Sur la route des «trente arpents»

On ne réécrit pas l’Histoire, on fait la narration des évènements qui la constituent. Plus le temps passe, plus la trame devient l’ombre d’elle-même avant de s’effacer.

Alors, peut-on réécrire une fiction inspirée directement par le mode de vie des campagnards il y a 75 ans? C’est la question que je me posais en ouvrant Euchariste Moisan (Leméac, 2013), long monologue intérieur du personnage éponyme inspiré au cinéaste écrivain Denys Arcand par le père déchu de Trente arpents, le premier roman de Ringuet publié à Paris, chez Flammarion, en 1938.

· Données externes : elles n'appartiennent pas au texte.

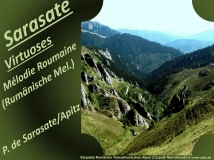 Sarasate Virtuoses Melodie Roumain Bild: Hochgebirgstour Südkarpaten Rumänien Bildlegende: Karpaten Rumänien Transsilvanischen Alpen (Carpații Meridionali) © noten-apitz.de Bildquelle: Karl Just Köthen/Riesdorf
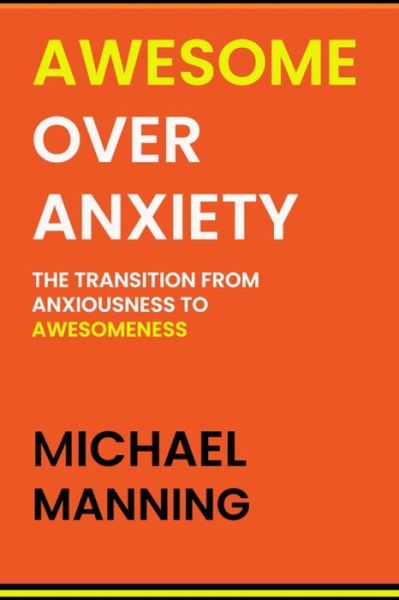 Cover for Michael Manning · Awesome Over Anxiety (Pocketbok) (2022)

Qu’elle était loin dans ma mémoire la triste histoire de la famille Moisan racontée par le Dr Philippe Panneton et parue sous le pseudonyme de Ringuet! Je m’y suis donc remis et me suis ainsi imprégné de l’univers hyperréaliste de cette ruralité d’autrefois dans lequel se déroule le drame de Trente arpents. J’ai aussi consulté l’excellent dossier préparé par Josée Bonneville et André Vanasse pour accompagner l’anthologie intitulée Trois visions du terroir; les auteurs y situent Ringuet et Albert Laberge dans le courant naturaliste qu’a connu la littérature française à la fin du 19e siècle, où «les écrivains naturalistes se montr[ent] pessimistes lorsqu’il s’agit de la terre.»

Nul doute: Denys Arcand a su s’approprier Euchariste Moisan et en faire l’antihéros de sa propre fiction. Bien que nous ne sommes jamais très loin du personnage de Trente arpents, nous l’accompagnons autrement sur la route de la déchéance. Comment appeler autrement son entêtement à vouloir poursuivre la tradition de transmettre la terre familiale à l’aîné des fils quand cette terre n’est plus tout à fait nourricière? En effet, Euchariste est parvenu à tout détruire autour de lui, sa famille d’abord, par un respect déraisonnable des diktats de l’Église – une femme fragile à qui il faut faire des enfants, un fils aîné devenu prêtre et deux filles entrées en communauté, le dur labeur quotidien ordonné aux autres -, et par fierté démesurée de cette propriété qui lui échappe jour après jour, sans qu’il s’en rende compte.

En l’accompagnant régulièrement chez le notaire qui, comme cela était alors la coutume, devait faire profiter l’argent qu’il lui apportait, on comprend qu’il se fera enfirouaper par le clerc. Que dire de ce lopin de terre inculte vendu à un voisin à un prix alors abusif qui rendra à son nouveau propriétaire plus qu’au centuple, ce qui fera perdre la tête au père Moisan.

Suivant le rythme des saisons comme l’a fait Ringuet dans son roman, Denys Arcand nous fait suivre pas à pas le démembrement de la famille Moisan, chacun s’éloignant de la maison paternelle jusqu’à Euchariste qui, jeté sur la dèche après avoir voulu thésauriser au-delà du possible, se retrouve veilleur de nuit en territoire hostile, dans une ville états-unienne où habite un de ses fils. La terre, autrefois le bien suprême où faire grandir une famille nombreuse et exercer un certain pouvoir sur le milieu paroissial, implose et enterre littéralement tous les espoirs.

Le cinéaste écrivain notait, en 4e de couverture de la réédition du roman de Ringuet chez Bq, que «Trente arpents est une œuvre implacable. Toute la littérature québécoise est une littérature de la tristesse, du renoncement et du chagrin. À l’image de notre réalité qui a toujours été bien éloignée de tous les rêves échevelés que nous nous sommes obstinés à nourrir.» C’est dans le respect de cette façon d’appréhender la fiction qui s’écrit chez nous que l’auteur met entre nos mains son Euchariste Moisan, nous obligeant ainsi de faire notre devoir de mémoire d’un proche passé.